Enerji sarfiyatı düşük ve uzun ömürlü soğutma sistemleri kurmak mümkün
Gıda ürünlerinin muhafaza sürelerinin uzatılması için depolama öncesinde sağlıklı ve hızlı soğuk zincirin oluşturulması ve korunması gerektiğine dikkat çeken Güray Ürkmez, Termodizayn Soğutma Sistemleri olarak, üretimini yaptığımız gıda depolamaya uygun hijyenik soğuk depolarımız ve konteyner tip taşınabilir soğutma sistemlerimiz ile, soğutma zincirine katkıda bulunuyoruz. -40°C şoklama sistemleri ve mobil tip şoklama konteynerleri ile üreticilere hızlı ve kolay bir şekilde ürünlerini şoklayarak dondurma imkanı sunuyoruz. Dondurulmuş ürünlerin depolanması için de gıda hijyenine uygun -18°C/-25°C soğuk depoları ile üreticilere kolaylık sağlıyoruz.
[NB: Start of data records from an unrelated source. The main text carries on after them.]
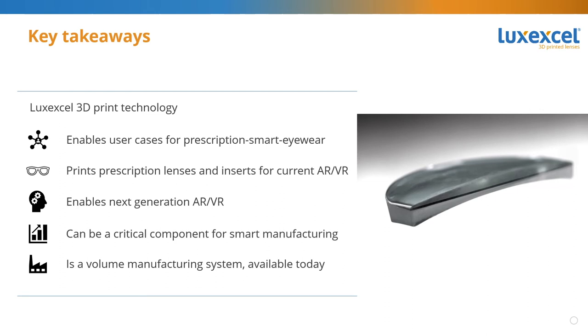Secondly, 3D printing enables smart manufacturing, meaning that you don't need inventories and large supply chains. You can print the product right when and where you need it, and that is now available for lenses too. And lastly, and maybe most importantly, 3D printing of lenses is not a prototyping technology. It's a technology that's available today and can actually make huge volumes of lenses — a volume manufacturing technology available for prescription lenses to make the smart eyewear products that we all want.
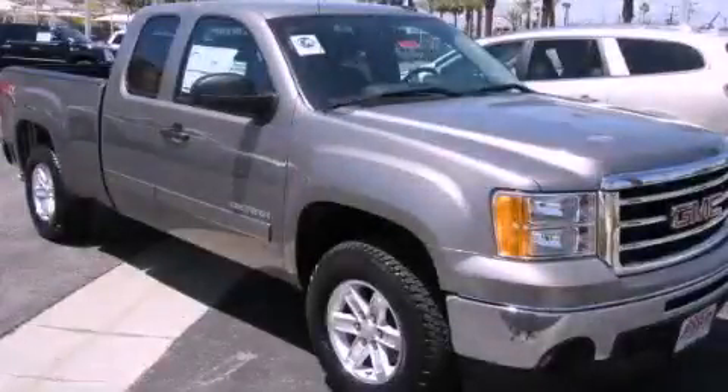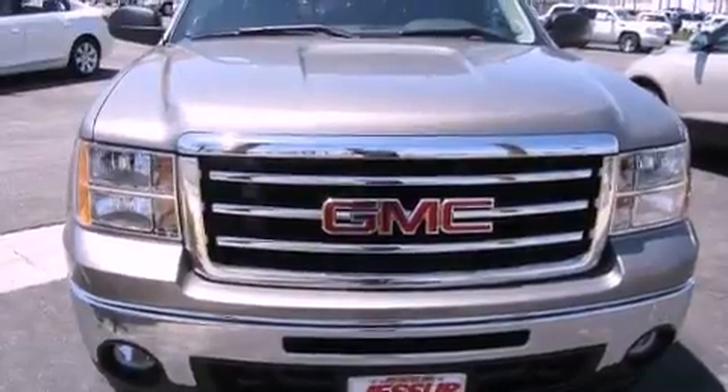This is a brand new 2012 GMC Sierra 1500. Strong, durable, and dependable.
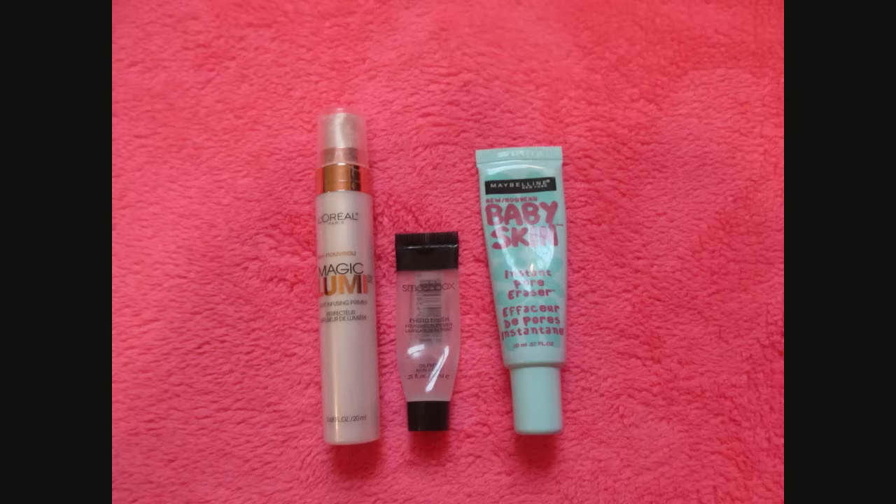For face primers, I have three, and previously I had three. I actually used up all of those three and then received two from Mary in a swap and one from Nisi. I have the Smashbox Photo Finish Deluxe Size Sample Primer, the Maybelline Baby Skin Primer, and the L'Oreal True Match Magic Lumi Primer — and I love that primer. My goal is to only have one primer. Lastly for the face category is setting sprays. I currently have one — the NYX Matte Finish Setting Spray — and I wouldn't mind having one to two, where the second would be a backup.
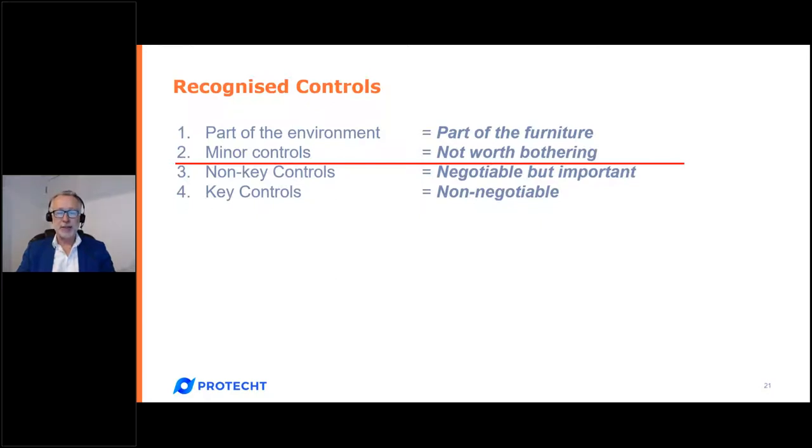We differentiate key and non-key controls because later in the methodology we do controls assurance testing — it should be mandatory to test key controls but discretionary to test non-key. Would you drive without the indicator light or the windscreen washer? That's a detective control but so immaterial it's not worth recording. And the wheel is part of the furniture — it reduces risk but also allows you to roll along, so we would not call a wheel a control. Only add key and non-key controls to your RCSA.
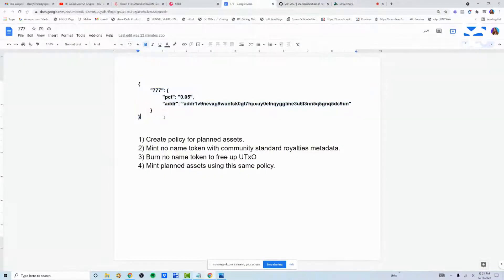There are three tags necessary in your metadata. 777 represents that this is the royalty information. The second tag, PCT, identifies the percentage you want to have sent back to you after your asset resells. At first minting you don't get royalties, but when it's resold on a marketplace, you do. The percentage can be anywhere between 0.0 and 1.0, which represents 0 to 100%. For example, 0.05 is what I set, which is 5%. If you wanted a 20% royalty, you would do 0.20. For a 12.5% royalty, you would do 0.125. That's how that works.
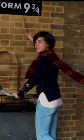Jules Guides here, and welcome to my Harry Potter guided tour of London. Excuse me, can you tell me where Platform 9 and three-quarters is, please?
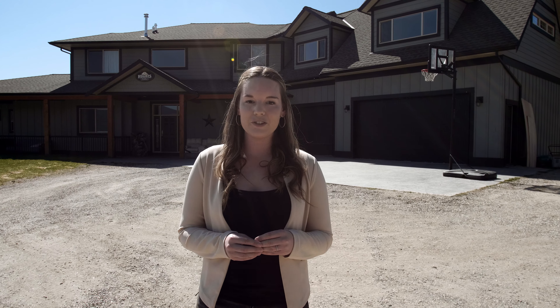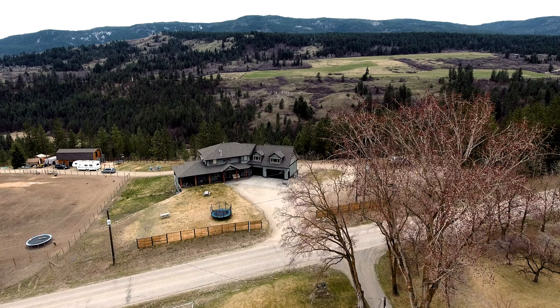Welcome to 645 Saint Anne's Road. I'm Kyla Mulder with Royal LePage, and I'm really excited to introduce you to this beautiful custom-built home. Sitting on over 7 usable acres, this is the perfect hobby farm in an ideal location.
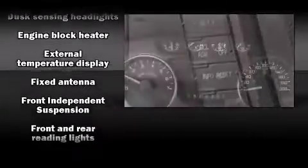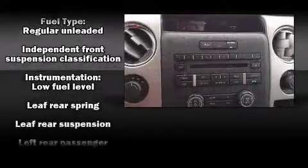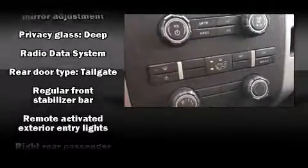Additional features include one-touch window functionality, a tachometer, a rear step bumper, an outside temperature display, fully automatic headlights, and a split folding rear seat.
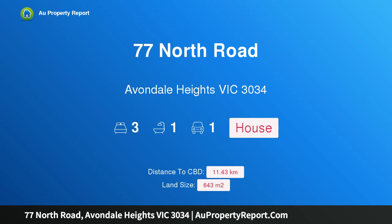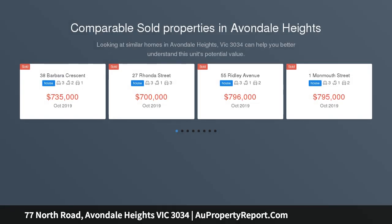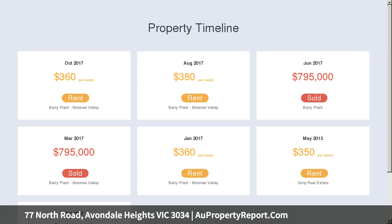Welcome to 77 North Road, Avondale Heights, Victoria 3034. The future begins now! This well-presented family home occupies a large block of approximately 643 sqm. Take advantage of the possibilities to renovate, extend, or even redevelop STCA, making this one property not to be missed.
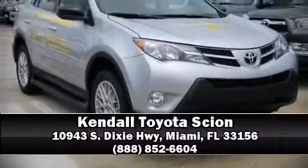Our sales staff will help you find the vehicle that you've been searching for. Stop in and take a test drive.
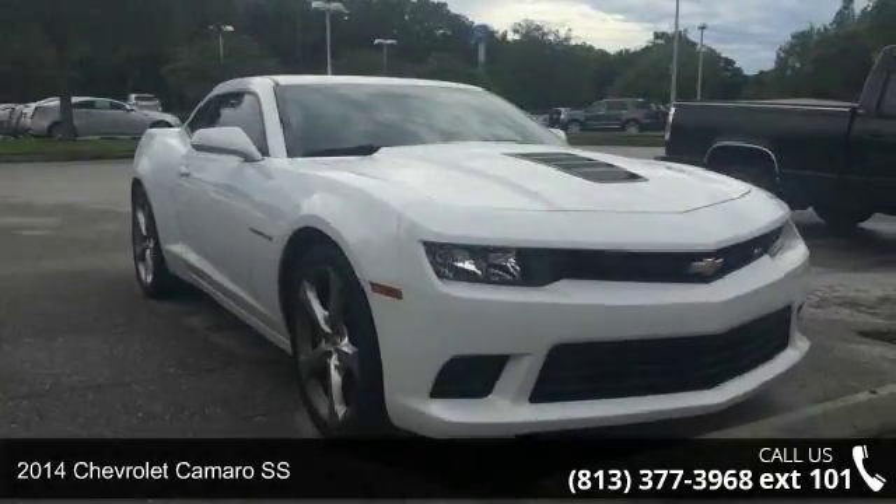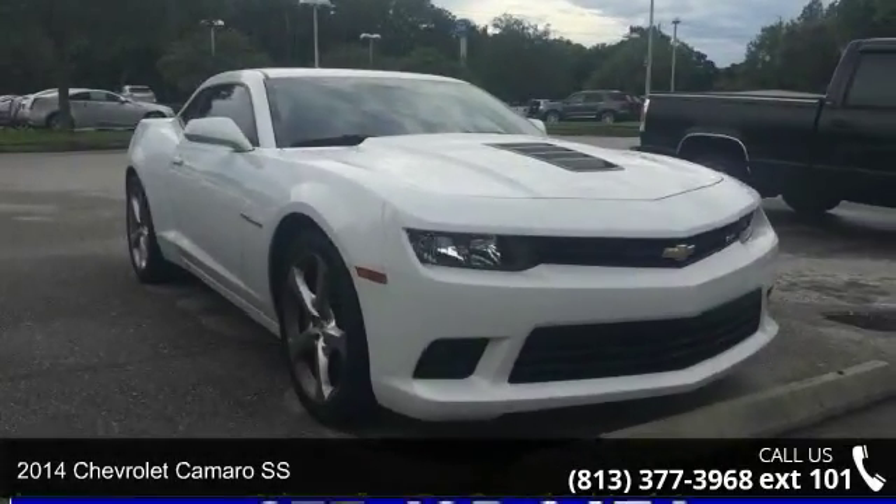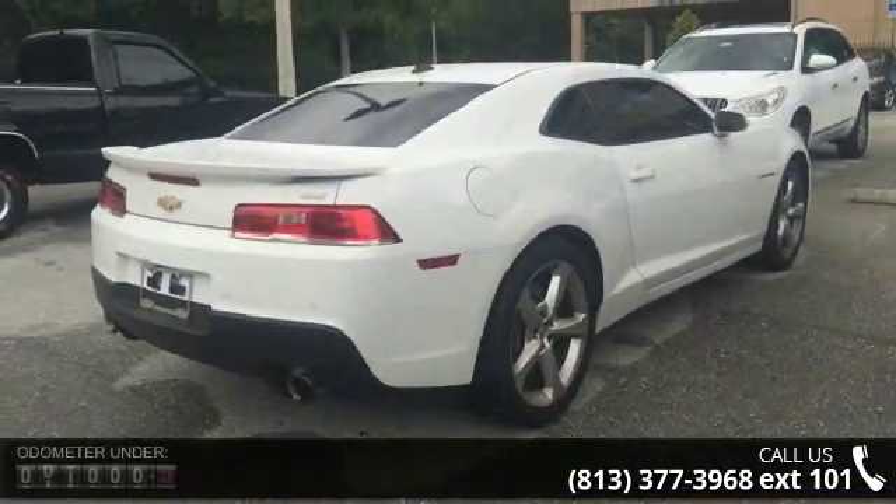Step into the 2014 Chevrolet Camaro SS. If you are looking for an automobile with great features, look no further.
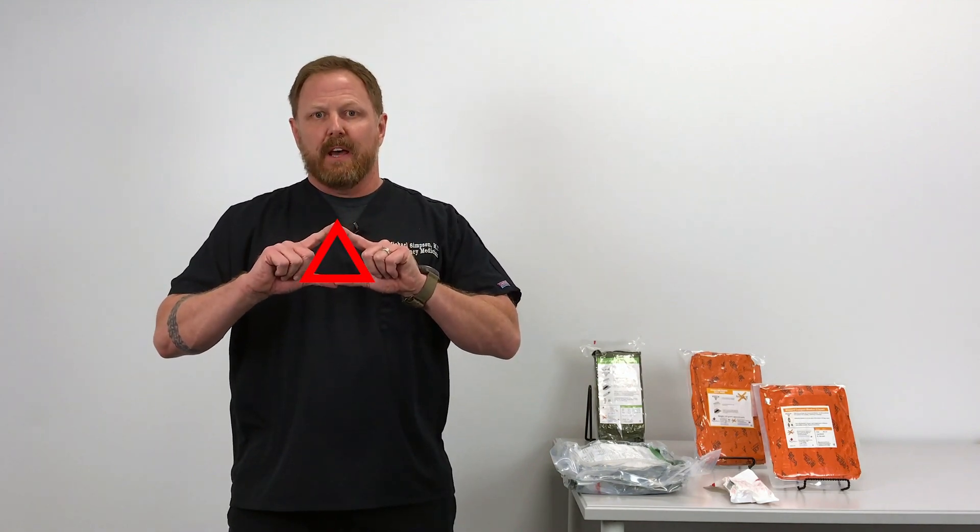Hey guys, Doc again with another tip of the day. Today we're going to talk about the trauma triad of death. What is that? Well, it means three things.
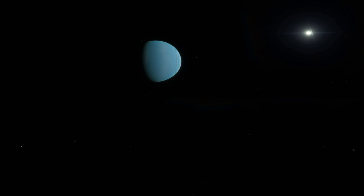Arriving at Uranus, a tilted world of icy hues and faint rings.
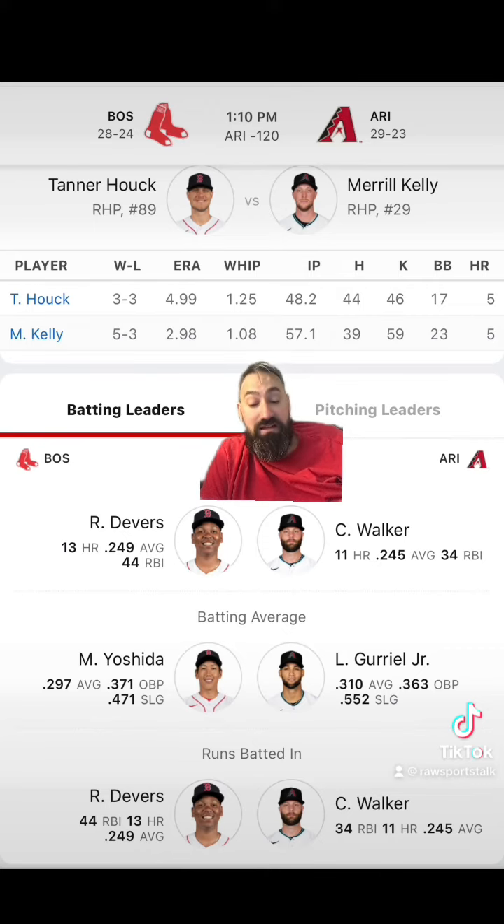The under is 5-4-1 and the under nine is 4-3-3 in their last 10 games. Yesterday the Red Sox won 2-1; the game before that they won 7-2 — both this season. The Red Sox are 2-2 in their last four and 6-4 in their last 10, scoring four, ten, nine, and three runs respectively. Results: shutout loss, three-run loss, seven-run win, two-run win. The Red Sox have won their last two games.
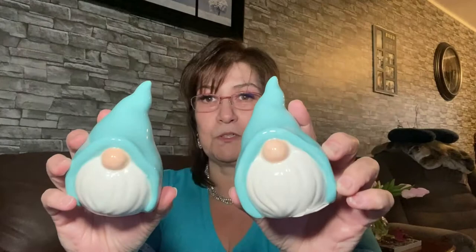Now on to the Dollar Tree haul. Look what I found — the blue ones! So now I have two pink, two green, and two blue gnomes. I'm so happy. I'll either send these out in friend mail or find a place for them — my kids love them too. I am completely in love with gnomes, so I'm really happy I found the blue ones.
Üreticiler arasındaki yüksek maliyet kanısının aksine, enerji sarfiyatı düşük ve uzun ömürlü soğutma sistemleri ürün kayıplarının önüne geçerek üreticiler için avantaj sağlıyor” ifadelerini kulandı.
Ürkmez, soğuk depoların kurulacağı yerin de gıda güvenliğinde belirleyici olduğuna değinerek “Soğuk deponun ve soğutma sistemlerinin kurulacağı yer, hangi amaçla kullanılacağı dikkate alınarak seçilmeli. Yeri kısıtlı olan veya sabit bir binası bulunmayan üreticiler, konteyner tip taşınabilir soğuk depolar ve şoklama üniteleri kullanabilir. Böylece üreticiler, istedikleri zaman, istedikleri yere soğuk depolarını taşıyarak, ürünlerini güvenle muhafaza edebilir” diye ekledi.